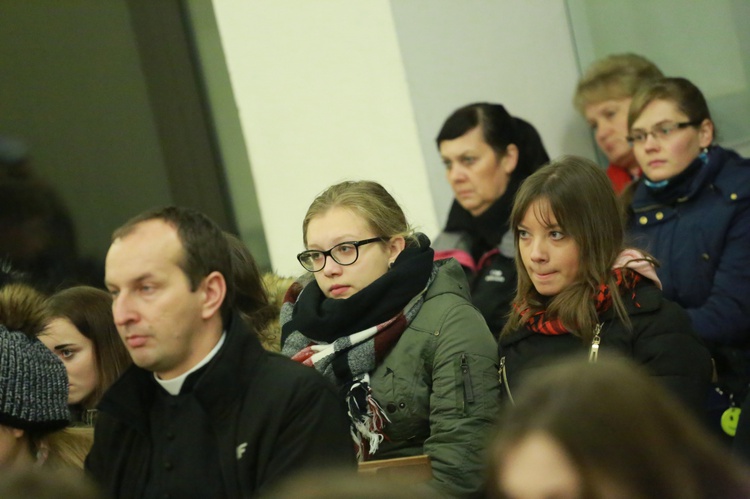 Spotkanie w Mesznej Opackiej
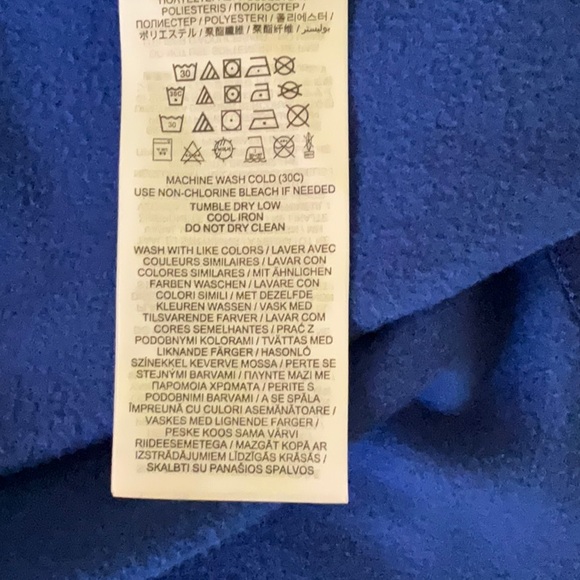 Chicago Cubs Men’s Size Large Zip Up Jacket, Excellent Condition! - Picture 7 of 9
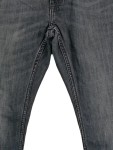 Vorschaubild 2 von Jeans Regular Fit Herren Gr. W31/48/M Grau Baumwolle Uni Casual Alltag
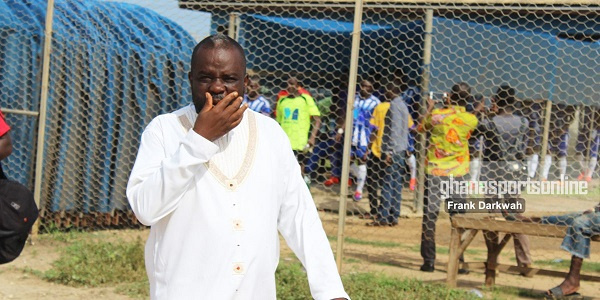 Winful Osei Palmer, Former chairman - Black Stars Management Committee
--
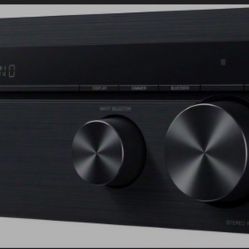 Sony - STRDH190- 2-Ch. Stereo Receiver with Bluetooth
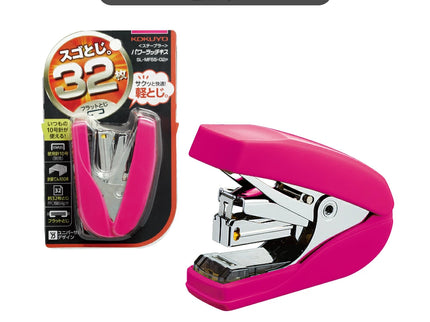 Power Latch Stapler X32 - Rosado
--
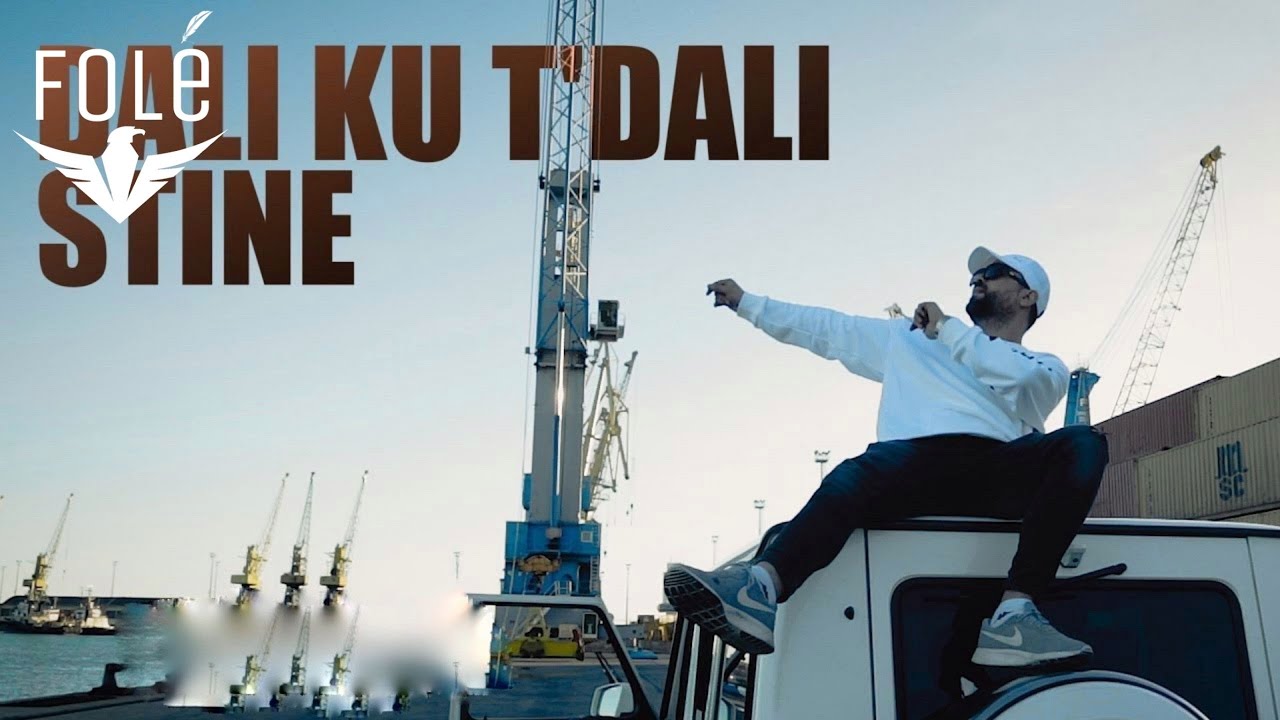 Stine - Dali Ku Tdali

WHAT YOU HAVE TO DO. Write out exactly the lines above between the one with "Spotkanie w Mesznej Opackiej" and the one with "Winful Osei Palmer, Former", inclusive, with pictures left out.

WRITTEN SOLUTION.
 Spotkanie w Mesznej Opackiej
 Chicago Cubs Men’s Size Large Zip Up Jacket, Excellent Condition! - Picture 7 of 9
 Vorschaubild 2 von Jeans Regular Fit Herren Gr. W31/48/M Grau Baumwolle Uni Casual Alltag
 Winful Osei Palmer, Former chairman - Black Stars Management Committee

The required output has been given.